Activity: Please reproduce the data below exactly, from the first line through the line containing "Roewe D7 DMH", and leave every later line out.

(Short web captions)
• • • • •
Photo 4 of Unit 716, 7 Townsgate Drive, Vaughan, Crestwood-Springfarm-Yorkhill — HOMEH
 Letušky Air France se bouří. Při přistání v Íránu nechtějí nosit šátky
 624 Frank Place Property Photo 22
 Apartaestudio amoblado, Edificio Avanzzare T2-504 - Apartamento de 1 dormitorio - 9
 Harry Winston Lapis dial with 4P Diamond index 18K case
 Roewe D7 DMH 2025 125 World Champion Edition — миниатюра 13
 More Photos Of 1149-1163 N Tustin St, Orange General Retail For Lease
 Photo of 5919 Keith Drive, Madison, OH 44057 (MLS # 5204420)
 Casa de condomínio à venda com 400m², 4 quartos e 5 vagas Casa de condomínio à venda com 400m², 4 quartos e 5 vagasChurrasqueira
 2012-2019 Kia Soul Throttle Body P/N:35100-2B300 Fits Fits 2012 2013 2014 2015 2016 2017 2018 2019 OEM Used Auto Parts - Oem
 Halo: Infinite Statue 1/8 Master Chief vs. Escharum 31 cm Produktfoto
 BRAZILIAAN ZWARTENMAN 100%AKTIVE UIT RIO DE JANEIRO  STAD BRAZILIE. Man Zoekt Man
• • • • •
Solution:
Photo 4 of Unit 716, 7 Townsgate Drive, Vaughan, Crestwood-Springfarm-Yorkhill — HOMEH
 Letušky Air France se bouří. Při přistání v Íránu nechtějí nosit šátky
 624 Frank Place Property Photo 22
 Apartaestudio amoblado, Edificio Avanzzare T2-504 - Apartamento de 1 dormitorio - 9
 Harry Winston Lapis dial with 4P Diamond index 18K case
 Roewe D7 DMH 2025 125 World Champion Edition — миниатюра 13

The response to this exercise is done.